Williams has said that Bankman-Fried allegedly perpetrated one of the biggest frauds in U.S. history.
Most of the charges involve Bankman-Fried's personal hedge fund, Alameda Research. Prosecutors say that billions of dollars flowed out of FTX and into Alameda, never to be seen by customers again, despite reassurances the money was safe.
According to the Justice Department, as well as financial regulators, millions went to fund a lavish lifestyle for Bankman-Fried or were donated to politicians he was courting.
While Bankman-Fried was en route on Wednesday night, Williams announced that two of his former friends and co-workers – Caroline Ellison and Gary Wang — pleaded guilty to fraud charges by the SDNY, and are cooperating with its investigation.
Both have also been charged with defrauding investors by the Securities and Exchange Commission, the top Wall Street regulator, and are currently working with it in its investigation into Bankman-Fried, under the possibility of reaching a settlement with reduced penalties. Similarly, they are not contesting charges brought by the Commodity Futures Trading Commission.
Ellison, who is often described as Bankman-Fried's ex-girlfriend, was CEO of Alameda. With Bankman-Fried, Wang founded FTX.
"Gary has accepted responsibility for his actions and takes seriously his obligations as a cooperating witness," Wang's attorney Ilan Graff said in a statement.
An attorney for Ellison didn't respond to a request for comment, and a spokesperson for Bankman-Fried declined to comment.

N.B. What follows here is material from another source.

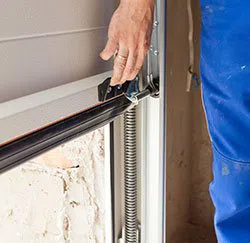 Exclusive Garage Door Repair Service Jacksonville Beach, FL 904-299-5825 - springs-side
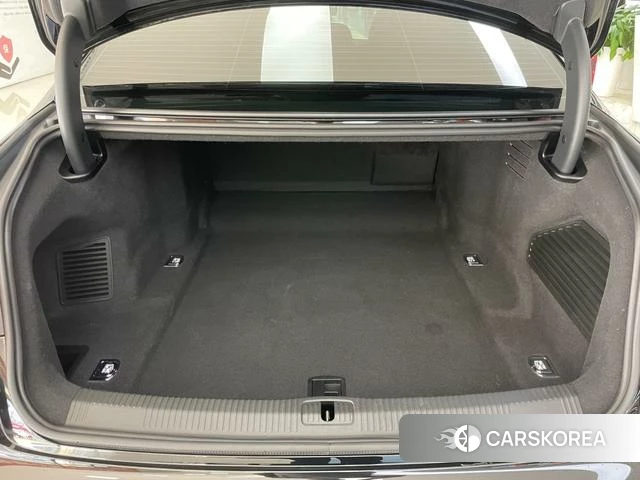 Audi A8 id 4348961 из Китая 18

In appearances and interviews over the last month, Bankman-Fried has sought to transfer blame to Ellison and others, portraying himself as generally clueless about the financial workings of Alameda and FTX.
The SEC also alleges that Bankman-Fried and his colleagues planned to manipulate the price of FTT, an exchange crypto security token that was integral to FTX.
"When FTT and the rest of the house of cards collapsed, Mr. Bankman-Fried, Ms. Ellison, and Mr. Wang left investors holding the bag," SEC chairperson Gary Gensler said in the release. "Until crypto platforms comply with time-tested securities laws, risks to investors will persist."
Like much of what has happened since FTX filed for bankruptcy last month, Bankman-Fried's extradition was complicated.
After saying he would fight his removal, he signaled earlier this week that he would agree to return to the United States. Then, a hearing on a possible extradition was abruptly scrapped over objections from his counsel.
On Wednesday, Bankman-Fried agreed in court to be taken back to the United States, but the timing of his travel was unclear.
While out on bail, he will stay in Northern California with his parents, who are professors at Stanford University. They put up equity in their home for his bail bond, and two other unidentified people signed bail agreements as well, court records show.
Bankman-Fried watched FTX's value soar to some $32 billion after he founded it three years ago. Earlier this year, a splashy public relations blitz that included a Super Bowl ad and high-profile celebrity endorsements, promoted FTX as "the safest and easiest way to buy and sell crypto."
Then, under a cloud of suspicions about its solvency, FTX – along with Alameda and dozens of affiliates scattered around the world – abruptly filed for bankruptcy.